/certification-dataeng-aws-redshift

AWS Data Warehouse

Primary LanguageJupyter NotebookMIT LicenseMIT

AWS Redshift Data Warehouse


Author: Rodrigo de Alvarenga Mattos

July 16, 2022

Udacity's Data Engineering Nanodegree


Introduction

The objective of this project is to migrate from an on-premises PostgreSQL database to a managed solution using AWS Redshift cloud data warehouse. The raw data will be stored as JSON logs of user activity, extracted and transformed by the ETL pipeline, and then loaded into a set of dimensional tables. AWS Redshift was a good fit for the project requirements since it's easy to integrate with data lakes, databases, and machine learning tools providing superior performance and scalability to analytics applications and ad-hoc queries.


Project Dependencies


# install project requirements
pip install -r requirements.txt

NOTE: Install all python libraries before running the ETL pipeline scripts and the jupyter notebooks.


Project Folder Structure

project
│   README.md
└───src
│   └───etl
│   |   │   create_tables.py
│   |   │   etl.py
|   |   |   sql_queries.py
|   |   |   dwh.cfg
|   |   |   ...
│   └───notebook
│       │   etl.ipynb
│       │   tests.ipynb
└───docs
    └───build
        └───html
            |   index.html

Auto-generate API Documentation

The Sphinx documentation generator was used to build the HTML docs from the source code DOCSTRIGS.
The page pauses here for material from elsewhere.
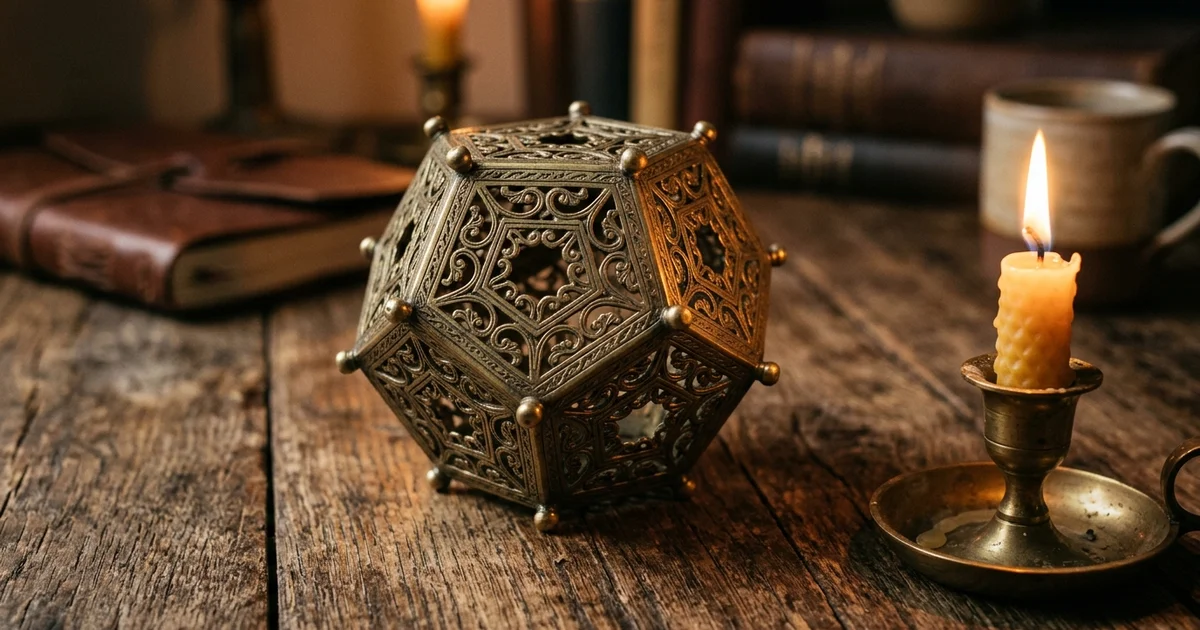 Out-of-place Artifacts - A hollow bronze twelve-sided geometric object with circular holes and small rounded knobs resting on a wooden table beside a lit candle.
AWS Services and Resources

This is the list of services that have been provisioned in the AWS cloud:

Service Resource Description
IAM Policy Provides S3 Full Access.
IAM Role Redshift service pricipal role.
IAM User Redshift user permissions statement.
S3 Udacity bucket Provided by the workspace environment.
VPC Subnet Group and VPN Gateway Redshift virtual networking environment.
VPC Security Group Redshift inbound and outbound traffic.
Redshift Multi node cluster Cloud data warehouse.

Terraform Infrastructure as a Code

We used Terraform to automate infrastructure provisioning, including servers, network, users, permissions, and security. Please follow the instructions below before running Terraform commands:

  1. Edit the terraform/secret.tfvars file according to your preferred settings:
redshift_database = "dwh"
redshift_user     = "dwhuser"
redshift_password = "xxxxxxxxxxxxxxxxxxxxxxxx"
  1. Make sure you have the AWS Command Line Interface installed, the user is logged in and the default region is set:
# check the current user
aws iam get-user

# the default region should be set
aws configure get region
  1. Run Terraform commands:
# set terraform folder as working directory
cd terraform

# prepare your working directory
terraform init

# create or update infrastructure
terraform apply -var-file="secret.tfvars"

# destroy previously-created infrastructure
terraform destroy -var-file="secret.tfvars"

Database Schema Design

The database is modeled as a star schema that consists of a fact table (songplays) referencing four dimension tables (artists, songs, time, users).

All the SQL types and tables were defined in the src/etl/sql_queries.py file.

  1. Primary Keys - All tables have their unique identifier column set as the primary key.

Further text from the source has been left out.